ECLI:NL:RBROT:2017:5484

Rechtbank Rotterdam

Datum uitspraak
19 mei 2017
Publicatiedatum
14 juli 2017
Zaaknummer
4473725 \ CV EXPL 15-42347
Instantie
Rechtbank Rotterdam
Type
Uitspraak
Procedures
  • Eerste aanleg - enkelvoudig
Rechters
Vindplaatsen
  • Rechtspraak.nl
AI samenvatting door LexboostAutomatisch gegenereerd

Eindvonnis na tussenvonnis in arbeidszaak met bewijswaardering en aanbod ex artikel 38 lid 2 Schoonmaak CAO

In deze zaak, die diende voor de Rechtbank Rotterdam, heeft de kantonrechter op 19 mei 2017 een eindvonnis gewezen na een eerder tussenvonnis. De eiser, vertegenwoordigd door mr. A.M. Hilhorst, heeft een vordering ingesteld tegen de gedaagde, Hago Nederland B.V., vertegenwoordigd door mr. R.M. Dessaur. De kern van de zaak betreft de vraag of Hago aan de eiser een arbeidsovereenkomst moest aanbieden op het object UvA Roeterseiland, zoals voorgeschreven in artikel 38 lid 2 van de Schoonmaak CAO.

De procedure omvatte verschillende processtukken, waaronder een tussenvonnis van 21 oktober 2016, waarin Hago was toegelaten tot het leveren van tegenbewijs. Hago heeft geprobeerd dit tegenbewijs te leveren door de heer [K.] als getuige te horen. De kantonrechter heeft echter geoordeeld dat Hago er niet in is geslaagd om aan de bewijsopdracht te voldoen. De verklaring van getuige [K.] bood onvoldoende steun voor de stelling dat de eiser tijdelijk op een ander object was geplaatst vanwege een verbouwing.

De kantonrechter heeft geconcludeerd dat Hago verplicht was om de eiser een arbeidsovereenkomst aan te bieden op het object UvA Roeterseiland, en dat deze verplichting gold per 1 mei 2015. De kantonrechter heeft de primaire vordering van de eiser toegewezen, inclusief een dwangsom van € 50,00 per dag bij niet-nakoming, met een maximum van € 5.000,00. Daarnaast is Hago veroordeeld tot betaling van achterstallig loon aan de eiser, met een wettelijke verhoging van 10% en wettelijke rente vanaf het moment van opeisbaarheid.

De uitspraak is gedaan door mr.
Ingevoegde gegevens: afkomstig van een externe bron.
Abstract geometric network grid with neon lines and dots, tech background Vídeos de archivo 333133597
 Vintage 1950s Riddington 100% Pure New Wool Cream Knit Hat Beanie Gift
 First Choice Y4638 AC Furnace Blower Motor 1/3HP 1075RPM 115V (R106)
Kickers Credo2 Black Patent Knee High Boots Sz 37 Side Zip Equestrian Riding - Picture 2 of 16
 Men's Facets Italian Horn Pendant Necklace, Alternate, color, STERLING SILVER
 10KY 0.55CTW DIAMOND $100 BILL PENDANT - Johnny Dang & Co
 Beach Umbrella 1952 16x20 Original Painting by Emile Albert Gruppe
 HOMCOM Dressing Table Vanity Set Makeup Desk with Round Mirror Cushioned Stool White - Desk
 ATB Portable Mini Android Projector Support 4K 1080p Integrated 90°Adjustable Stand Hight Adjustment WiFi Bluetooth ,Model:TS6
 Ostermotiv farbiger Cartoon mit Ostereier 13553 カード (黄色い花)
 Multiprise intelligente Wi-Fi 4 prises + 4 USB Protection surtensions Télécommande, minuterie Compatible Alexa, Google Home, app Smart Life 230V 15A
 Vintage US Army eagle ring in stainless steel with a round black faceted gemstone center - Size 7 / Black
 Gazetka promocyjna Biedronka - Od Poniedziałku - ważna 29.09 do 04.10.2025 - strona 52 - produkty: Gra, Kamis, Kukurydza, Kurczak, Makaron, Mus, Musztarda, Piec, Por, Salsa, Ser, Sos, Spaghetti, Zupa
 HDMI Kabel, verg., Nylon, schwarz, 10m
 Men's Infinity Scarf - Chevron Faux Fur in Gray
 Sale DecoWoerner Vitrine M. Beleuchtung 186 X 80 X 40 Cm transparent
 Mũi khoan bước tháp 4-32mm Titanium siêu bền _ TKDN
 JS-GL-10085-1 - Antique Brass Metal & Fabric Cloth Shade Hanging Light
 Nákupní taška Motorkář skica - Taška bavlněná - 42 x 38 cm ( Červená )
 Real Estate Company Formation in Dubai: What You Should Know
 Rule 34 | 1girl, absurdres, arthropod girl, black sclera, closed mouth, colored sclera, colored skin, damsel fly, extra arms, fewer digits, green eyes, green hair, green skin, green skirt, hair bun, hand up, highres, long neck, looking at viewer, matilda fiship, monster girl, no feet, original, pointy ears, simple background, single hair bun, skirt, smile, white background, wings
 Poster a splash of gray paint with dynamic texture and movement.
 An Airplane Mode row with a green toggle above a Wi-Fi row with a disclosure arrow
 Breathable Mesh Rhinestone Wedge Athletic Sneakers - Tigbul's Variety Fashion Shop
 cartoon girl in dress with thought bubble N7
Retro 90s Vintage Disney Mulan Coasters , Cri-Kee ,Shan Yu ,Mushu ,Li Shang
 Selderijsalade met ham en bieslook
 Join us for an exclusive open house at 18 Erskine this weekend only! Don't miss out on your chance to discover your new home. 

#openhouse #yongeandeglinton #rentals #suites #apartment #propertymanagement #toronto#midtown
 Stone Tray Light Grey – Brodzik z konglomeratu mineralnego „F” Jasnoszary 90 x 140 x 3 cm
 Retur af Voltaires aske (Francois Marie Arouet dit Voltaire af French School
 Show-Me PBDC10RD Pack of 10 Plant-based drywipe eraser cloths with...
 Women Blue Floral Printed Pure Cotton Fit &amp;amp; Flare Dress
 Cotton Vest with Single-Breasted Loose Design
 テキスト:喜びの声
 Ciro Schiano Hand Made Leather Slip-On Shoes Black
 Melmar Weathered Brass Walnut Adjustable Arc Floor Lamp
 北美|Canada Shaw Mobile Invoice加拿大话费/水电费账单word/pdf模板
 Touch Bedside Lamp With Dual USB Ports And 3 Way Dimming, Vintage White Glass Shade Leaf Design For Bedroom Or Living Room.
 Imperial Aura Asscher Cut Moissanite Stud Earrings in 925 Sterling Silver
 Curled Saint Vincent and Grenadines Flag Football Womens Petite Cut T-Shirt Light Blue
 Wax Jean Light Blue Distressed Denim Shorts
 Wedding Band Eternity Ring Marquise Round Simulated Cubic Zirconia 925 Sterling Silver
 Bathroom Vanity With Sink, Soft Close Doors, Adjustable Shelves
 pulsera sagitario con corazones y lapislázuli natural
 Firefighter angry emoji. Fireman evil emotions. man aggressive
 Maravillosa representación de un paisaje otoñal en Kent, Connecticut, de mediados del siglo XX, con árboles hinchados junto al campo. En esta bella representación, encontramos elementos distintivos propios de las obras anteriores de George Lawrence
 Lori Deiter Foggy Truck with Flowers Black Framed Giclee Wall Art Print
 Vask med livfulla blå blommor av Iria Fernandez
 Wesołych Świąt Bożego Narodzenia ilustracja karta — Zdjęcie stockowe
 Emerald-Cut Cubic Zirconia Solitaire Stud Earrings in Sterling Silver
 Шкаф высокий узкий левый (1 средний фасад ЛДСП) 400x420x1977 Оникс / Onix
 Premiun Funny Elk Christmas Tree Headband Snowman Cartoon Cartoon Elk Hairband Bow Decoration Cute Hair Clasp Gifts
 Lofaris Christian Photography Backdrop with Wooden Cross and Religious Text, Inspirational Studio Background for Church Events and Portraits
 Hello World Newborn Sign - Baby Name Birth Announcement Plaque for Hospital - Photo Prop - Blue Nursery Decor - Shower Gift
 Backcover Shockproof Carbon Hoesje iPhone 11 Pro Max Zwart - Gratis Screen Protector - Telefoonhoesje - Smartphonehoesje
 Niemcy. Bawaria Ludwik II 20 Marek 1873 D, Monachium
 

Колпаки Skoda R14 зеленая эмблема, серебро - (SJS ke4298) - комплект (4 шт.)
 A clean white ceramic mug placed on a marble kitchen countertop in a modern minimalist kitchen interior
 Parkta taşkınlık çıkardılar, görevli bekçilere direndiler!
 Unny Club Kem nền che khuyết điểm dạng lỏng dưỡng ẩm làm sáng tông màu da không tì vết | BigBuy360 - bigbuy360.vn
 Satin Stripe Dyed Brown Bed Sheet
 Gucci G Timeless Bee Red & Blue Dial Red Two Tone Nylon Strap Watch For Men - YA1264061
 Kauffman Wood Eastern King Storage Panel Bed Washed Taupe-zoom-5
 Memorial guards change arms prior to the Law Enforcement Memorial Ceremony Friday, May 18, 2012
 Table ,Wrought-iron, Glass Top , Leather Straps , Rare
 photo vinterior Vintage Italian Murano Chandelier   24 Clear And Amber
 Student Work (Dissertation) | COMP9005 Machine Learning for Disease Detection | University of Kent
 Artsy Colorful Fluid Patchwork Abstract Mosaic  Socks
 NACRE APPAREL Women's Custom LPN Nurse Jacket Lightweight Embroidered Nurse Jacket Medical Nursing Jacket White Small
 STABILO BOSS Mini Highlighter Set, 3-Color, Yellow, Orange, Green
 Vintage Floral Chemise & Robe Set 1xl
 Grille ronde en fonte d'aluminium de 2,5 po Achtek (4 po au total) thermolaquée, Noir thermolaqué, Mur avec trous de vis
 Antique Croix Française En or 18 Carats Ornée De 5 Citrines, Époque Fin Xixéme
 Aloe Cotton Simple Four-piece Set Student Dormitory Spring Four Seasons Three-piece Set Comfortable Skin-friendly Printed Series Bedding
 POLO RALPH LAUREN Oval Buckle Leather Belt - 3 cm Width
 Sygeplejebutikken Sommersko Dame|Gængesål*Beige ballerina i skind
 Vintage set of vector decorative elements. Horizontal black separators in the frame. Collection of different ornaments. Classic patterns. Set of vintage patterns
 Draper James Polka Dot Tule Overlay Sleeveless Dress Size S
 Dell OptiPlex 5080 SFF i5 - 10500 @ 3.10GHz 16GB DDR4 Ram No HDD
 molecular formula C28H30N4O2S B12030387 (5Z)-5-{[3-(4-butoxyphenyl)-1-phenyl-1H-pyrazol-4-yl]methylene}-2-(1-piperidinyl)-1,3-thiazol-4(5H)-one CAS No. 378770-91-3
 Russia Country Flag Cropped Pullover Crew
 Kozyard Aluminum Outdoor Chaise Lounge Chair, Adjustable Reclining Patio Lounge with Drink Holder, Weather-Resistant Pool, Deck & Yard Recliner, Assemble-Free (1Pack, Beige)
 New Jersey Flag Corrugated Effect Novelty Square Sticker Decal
T.M.J. Smits en is uitvoerbaar bij voorraad verklaard. Hago is als de in het ongelijk gestelde partij veroordeeld in de proceskosten, die aan de zijde van de eiser zijn vastgesteld op een totaalbedrag van € 1.142,19.

Uitspraak

RECHTBANK ROTTERDAM

zaaknummer: 4473725 \ CV EXPL 15-42347
uitspraak: 19 mei 2017
vonnis van de kantonrechter, zitting houdende te Rotterdam,
in de zaak van
[eiser],
wonende te [plaatsnaam],
eiser,
gemachtigde: mr. A.M. Hilhorst,
tegen
de besloten vennootschap met beperkte aansprakelijkheid
Hago Nederland B.V.,
gevestigd te Capelle aan den IJssel,
gedaagde,
gemachtigde: mr. R.M. Dessaur.
Partijen blijven hierna aangeduid als [eiser] en Hago.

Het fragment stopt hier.